The results show the number of people who feel "inferior" is growing, despite continuous improvements to social security, which have elevated many disadvantaged groups.

The Beijing-based People's Tribune magazine polled 6,235 people belonging to various social groups. The survey found 45.1 percent of Party and government officials, 57.8 percent of white-collar workers and 55.4 percent of intellectuals felt "powerless".

In addition, 73.5 percent of netizens said they belong to the "vulnerable social group".

"The mounting feelings of vulnerability come from a mentality that focuses on inequality rather than actual economic situations," Chinese Academy of Social Sciences (CASS) Professor Zhu Jinchang said.

"Chinese people have long been accustomed to an egalitarian distribution of wealth from the time of the planned economy. While the reform and opening-up has made everyone better off, it has also widened the income gap. So, more people perceive their social status as declining."

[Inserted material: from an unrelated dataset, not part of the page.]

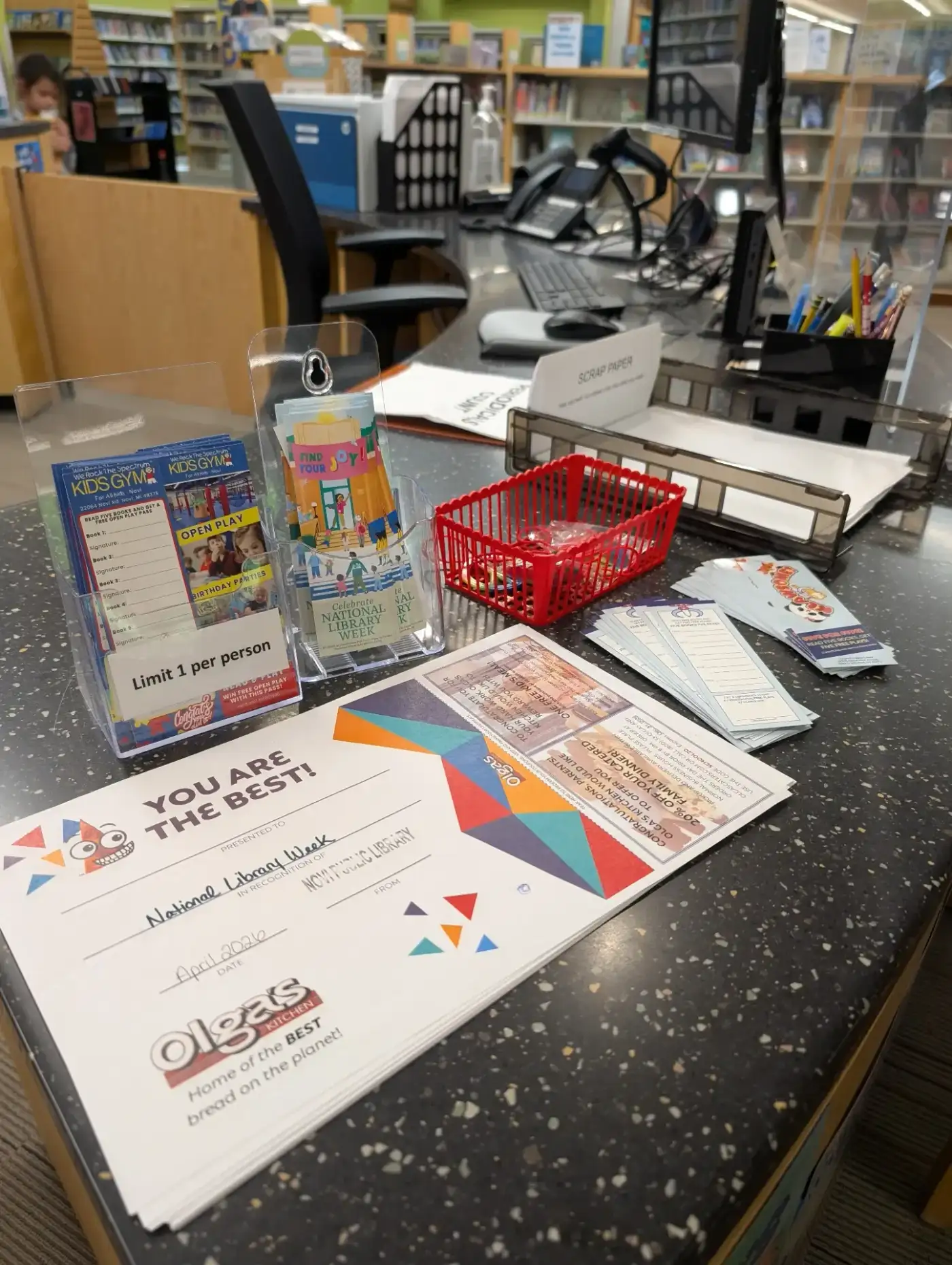 Novi Public Library Reading Month display and reward bookmarks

In addition, 37 percent of respondents said they were "overwhelmed" by pressure, while 29 percent said unfair competition made them feel deprived and 16 percent perceived violations of human rights.

Many survey responses resonated with the words of 26-year-old Zhu Shenghua, who quit his job in Beijing and returned to his hometown in Zhejiang province.

"I buried my nose in the books to get into a top university and then put my nose to the grindstone to ensure a bright future," Zhu said.

"But it turns out I have no chance to live respectably in Beijing, since I can hardly afford the down payment on an apartment, even if I were to save my entire salary for 100 months."

Civil servants had fewer complaints, the survey found.

Their primary sources of stress were stiff competition among officials, complicated unwritten rules, heavy workloads and moderate wages.

"Having spent 1,783 days in the realm of officialdom, I have found I am totally different from the powerful man I imagined (I would become)," said Jiang Zongfu, former deputy mayor of Linxiang city, Hunan province.